Turning to the custodial interview at the police station following his arrest, Redrick also moves to suppress incriminating statements he made during that interview about the guns and drugs found in his apartment. See Def.'s Mot. Suppress Stmts. at 4-5; Def.'s Suppl. Brief at 15. As a preliminary matter, there is no dispute that the police gave Redrick Miranda warnings prior to this interview and that he signed a Miranda waiver card. See Gov't's Opp'n at Ex. B (Miranda Waiver Form); Hr'g Tr. at 52-56; Gov't's Opp'n at 14-15; Def.'s Mot. Suppress Stmts. at 5. He nonetheless argues that any post-warning statements he made during this interview were "tainted" by the police's failure to give him Miranda warnings earlier in the day when he made unwarned, incriminating statements in response to their questions. See Def.'s Mot. Suppress Stmts. at 5; Def.'s Suppl. Brief at 15. This argument is unconvincing, and more importantly, the Supreme Court squarely rejected it Oregon v. Elstad, 470 U.S. 298, 105 S.Ct. 1285, 84 L.Ed.2d 222 (1985).

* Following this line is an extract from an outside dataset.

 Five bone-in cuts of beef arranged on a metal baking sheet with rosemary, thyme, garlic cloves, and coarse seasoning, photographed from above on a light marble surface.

In Elstad, the Supreme Court considered whether an officer's initial failure to administer Miranda warnings, without more, taints subsequent admissions made by the defendant after he has received Miranda warnings and waived those rights. The Court held that "there is no warrant for presuming coercive effect" when a defendant's initial, unwarned statement is voluntary. Elstad, 470 U.S. at 318, 105 S.Ct. 1285. Instead, "[t]he relevant inquiry is whether, in fact, the second statement was also voluntarily made." Id. And "[a] subsequent administration of Miranda warnings to a suspect who has given a voluntary but unwarned statement ordinarily should suffice to remove the conditions that precluded admission of the earlier statement." Id. at 314, 105 S.Ct. 1285.
Thus, for the foregoing reasons, the Court DENIES Defendant's Motion to Suppress Evidence [Dkt. # 6], and GRANTS in part and DENIES in part Defendant's Motion to Suppress Statements [Dkt. # 7]. A separate order consistent with this Memorandum Opinion shall issue this date.